Article 11 Feb 2023 1941 0

Gender Equality

Women's rights and gender equality are critical issues that are affecting women and girls around the world. In Nepal, despite progress in some areas, there is still a long way to go in terms of achieving gender equality. This article provides an in-depth overview of the current status of women's rights and gender equality in Nepal, including the legal and constitutional provisions, challenges faced, and opportunities for promoting gender equality in the country.

Overview of Women's Rights and Gender Equality in Nepal

Nepal is a country located in South Asia, with a population of approximately 29 million people. It is a constitutional republic with a multi-party democratic system of government. In recent years, Nepal has made significant progress in promoting women's rights and gender equality, but there are still many challenges to overcome.

Legal and Constitutional Provisions for Women's Rights and Gender Equality in Nepal

The Constitution of Nepal, which was adopted in 2015, recognizes the equality of all citizens and prohibits discrimination on the grounds of gender. It also includes provisions aimed at promoting gender equality, such as guaranteeing equal pay for equal work, and the right to education and healthcare.

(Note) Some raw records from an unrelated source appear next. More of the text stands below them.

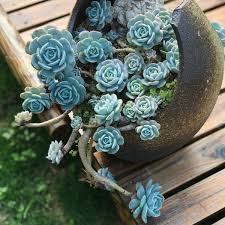 Attēlu rezultāti vaicājumam “Retinia resinella exuvia”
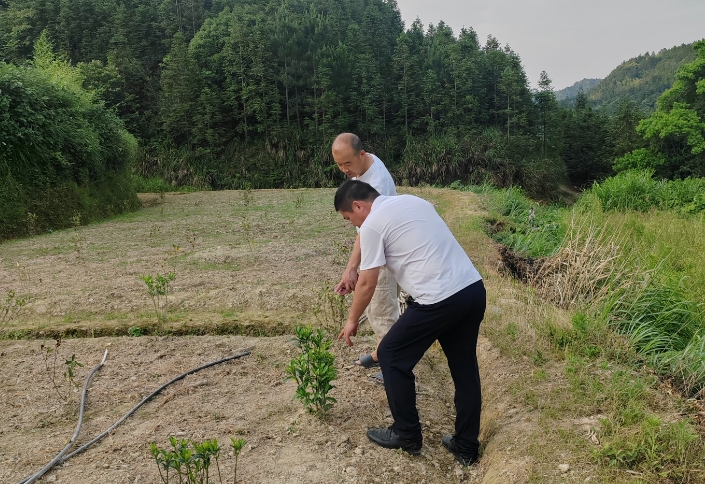 中方县铜湾镇丁家村：药香飘出大山  “药箱子”变成“钱袋子”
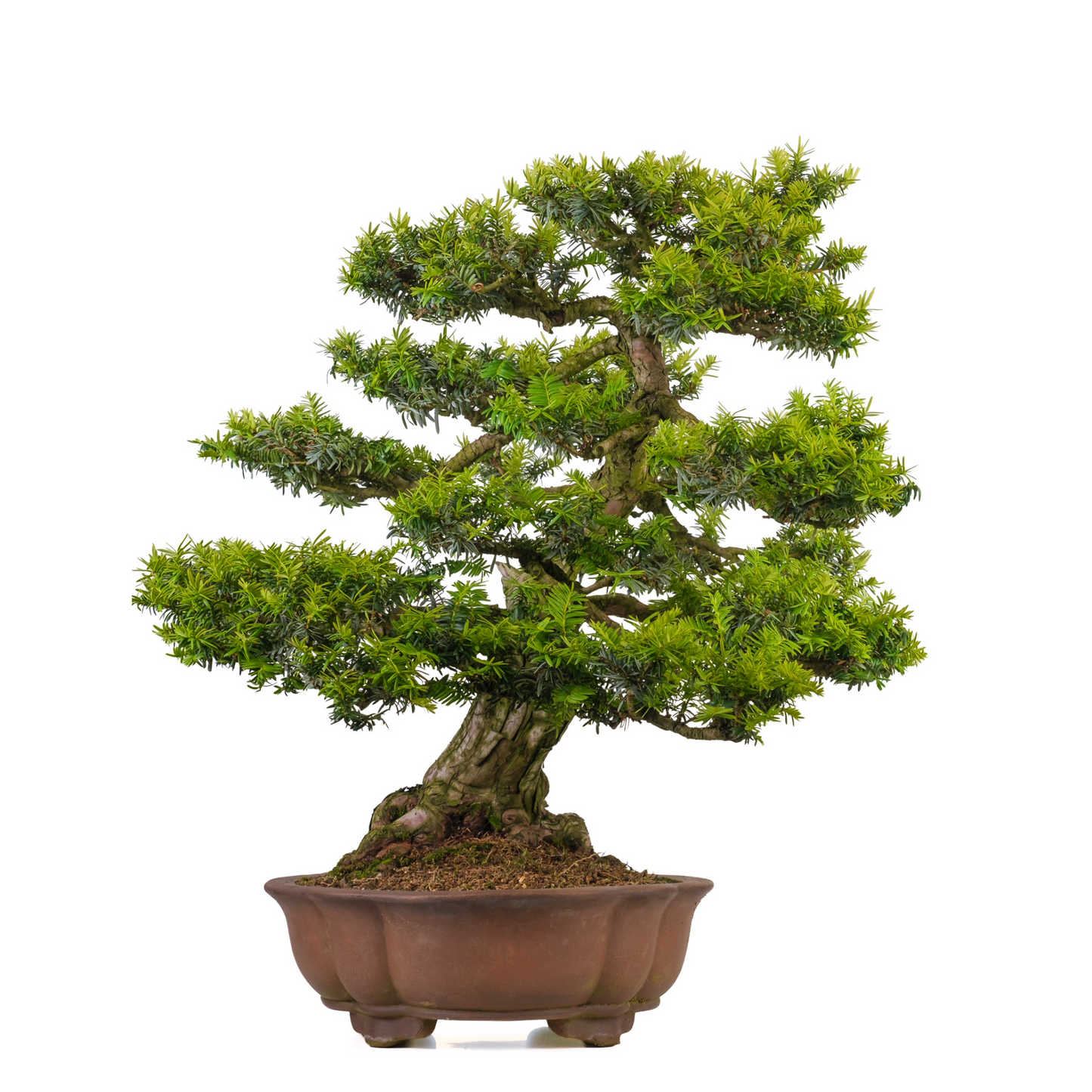 Taxus cuspidata (Japanse taxus) No. 102, hoogte ~75cm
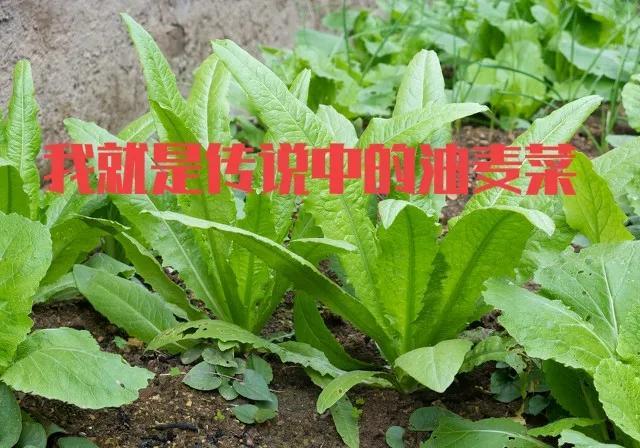 666是什么意思，2021年发红包吉利数字一览表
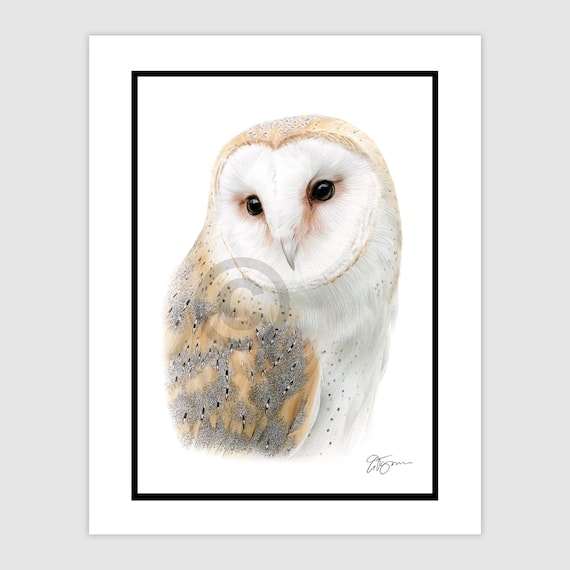 BARN OWL Original Color Pencil Drawing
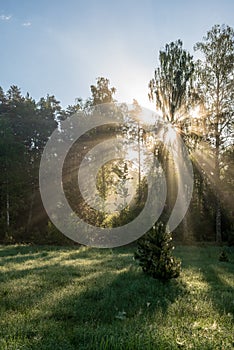 natural sun light rays shining through tree branches in summer morning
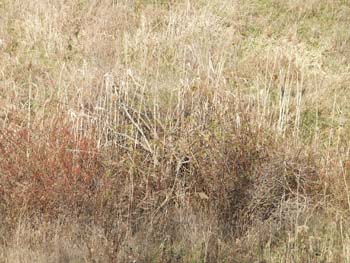 PICT0064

In addition to these constitutional provisions, there are also several laws and policies in place to promote women's rights and gender equality in Nepal. For example, the Domestic Violence (Crime and Punishment) Act provides protection to women who are victims of domestic violence, and the Human Trafficking and Transportation (Control) Act criminalizes human trafficking.

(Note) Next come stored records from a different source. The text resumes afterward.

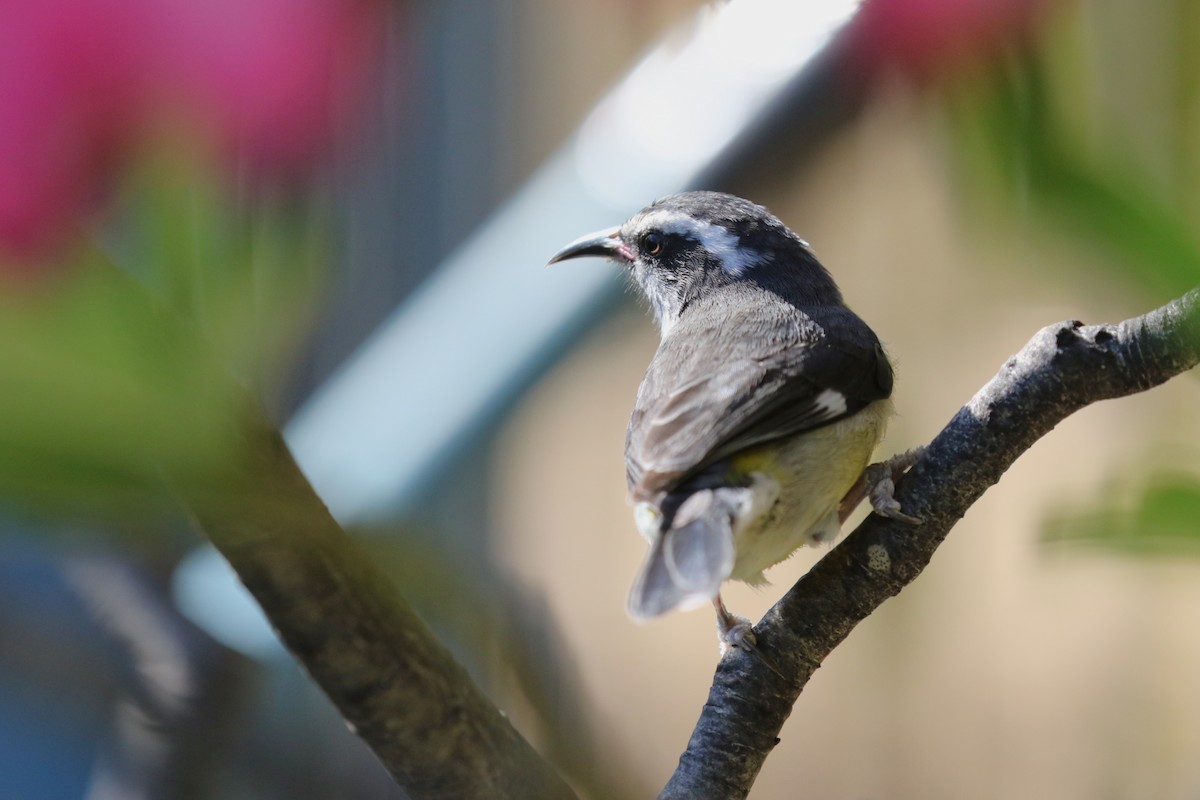 Zuckervogel - ML646580369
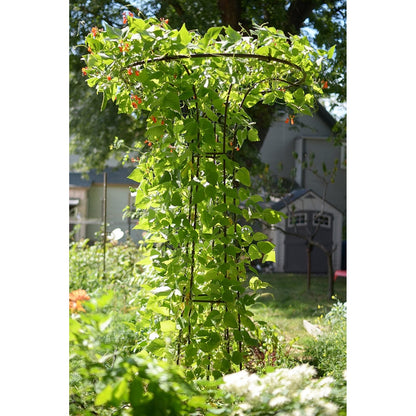 ACHLA Mushroom Trellis I 36in Dia Garden Trellis | Roman Bronze Wrought Iron | Outdoor Vine & Climbing Plant Support | 36 x 36 x 72 in | Model PYL-09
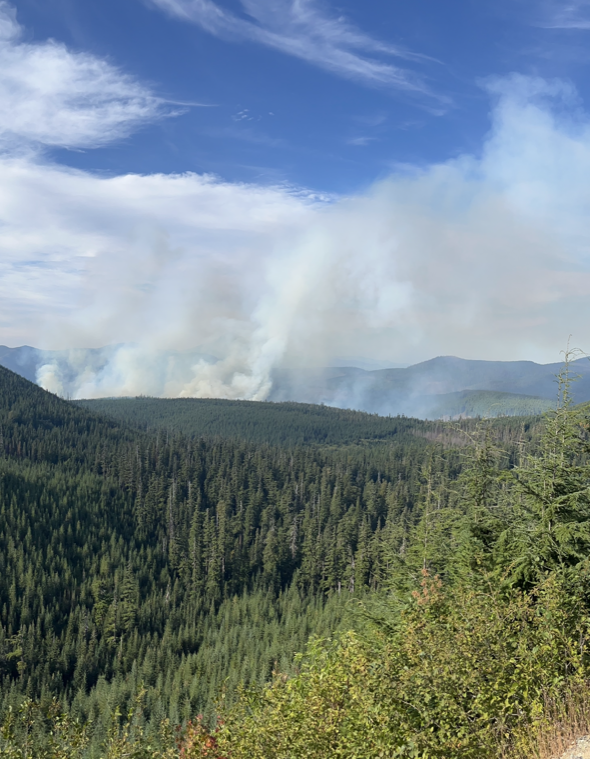 Smoke rising above a forested area.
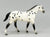 Quarter Horse, Black Leopard Appaloosa - JCP SR (sale for charity)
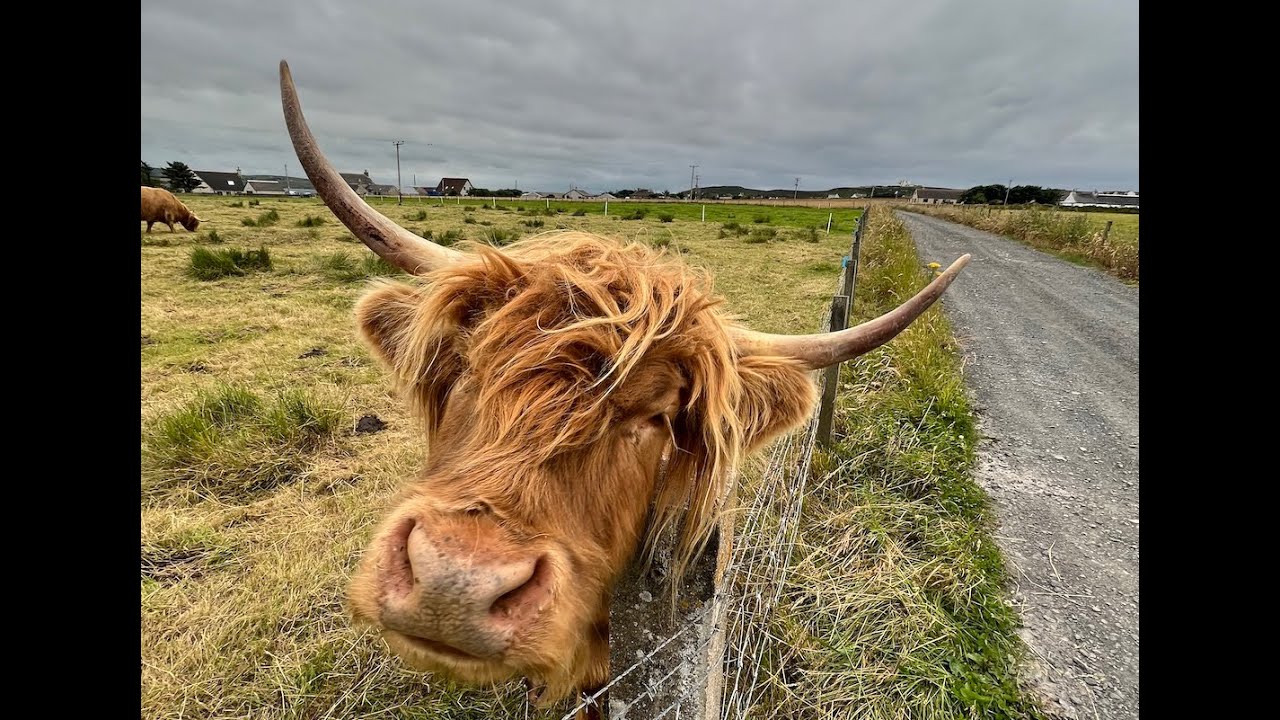 Handa Island Scotland and Mispronouncing USA Tool Names: Snap On, Craftsman, Proto, and Black+Decker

The Current Status of Women's Rights and Gender Equality in Nepal

Despite these legal and constitutional provisions, the status of women's rights and gender equality in Nepal remains far from ideal. According to the World Economic Forum's 2021 Global Gender Gap Report, Nepal ranks 113th out of 156 countries in terms of gender equality. This ranking is based on factors such as economic participation and opportunity, educational attainment, health and survival, and political empowerment.

One of the biggest challenges faced by women in Nepal is the persistence of patriarchal attitudes and cultural norms that restrict women's rights and opportunities. For example, women in Nepal continue to face discrimination in the workplace, with lower levels of labor force participation and unequal pay compared to men. Women also face barriers to accessing healthcare and education, and are underrepresented in political leadership positions.

Challenges Faced by Women and the Barriers to Gender Equality in Nepal

The challenges faced by women in Nepal are many and complex. Some of the key barriers to gender equality in Nepal include:

  • Persistence of patriarchal attitudes and cultural norms that restrict women's rights and opportunities
  • Discrimination in the workplace, including lower levels of labor force participation and unequal pay compared to men
  • Barriers to accessing healthcare and education
  • Underrepresentation of women in political leadership positions
  • Violence against women, including domestic violence, sexual harassment, and human trafficking

Role of Government, NGOs, and Other Organizations in Promoting Women's Rights and Gender Equality in Nepal

The government of Nepal has made significant efforts to promote women's rights and gender equality in the country. The Nepalese Constitution provides for equal rights and opportunities for men and women and explicitly prohibits discrimination on the basis of gender. The government has also enacted several laws and policies to address gender-based violence, protect the rights of women, and promote their empowerment. For instance, the Domestic Violence (Crime and Punishment) Act, 2007, provides for legal protection and support for victims of domestic violence.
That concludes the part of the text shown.